Any kind of popular movement that could disrupt the machinations of imperialism will need to capture support from the public at large and mobilize broad layers of society. It will also have to take clear and principled stands against the operation of imperialism itself. Hilgers, despite their call for “principled anti-imperialism,” is ambiguous and leans towards Ukrainian defencism on the question of arms shipments. They give the example of Serbia, using a quote from Lenin to argue that in WWI Serbia was justifiable in fighting a war of national defense, seemingly drawing a parallel with Ukraine today.

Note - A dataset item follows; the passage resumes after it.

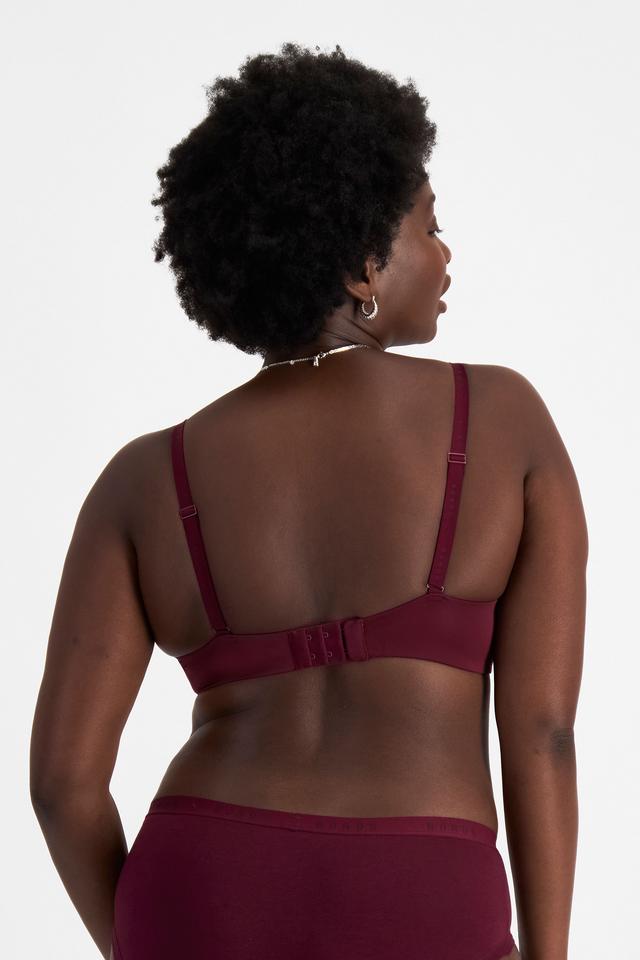 Nelly (She/Her) wears size 14DD and is 173.73cm tall with 102cm chest and 84cm waist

So how exactly did the internationalist wing of the Second International react when Serbia was invaded in the Great War? Dušan A. Popović, a member of the Serbian Social Democratic Party at the time, gave the following as his rationale for refusing to vote for war credits despite the invasion of Serbian lands:
For us it was clear that, as far as the conflict between Serbia and Austria-Hungary was concerned, our country was obviously in a defensive position. Serbia is defending its life and its independence, which Austria was constantly threatening even before the Sarajevo assassination. And if Social Democracy had a legitimate right to vote for war anywhere, then certainly that was the case in Serbia above all. However, for us, the decisive fact was that the war between Serbia and Austria was only a small part of a totality, merely the prologue to universal, European war, and this latter — we were profoundly convinced of this — could not fail to have a clearly pronounced imperialist character. As a result, we — being a part of the great socialist, proletarian International — considered that it was our bounden duty to oppose the war resolutely.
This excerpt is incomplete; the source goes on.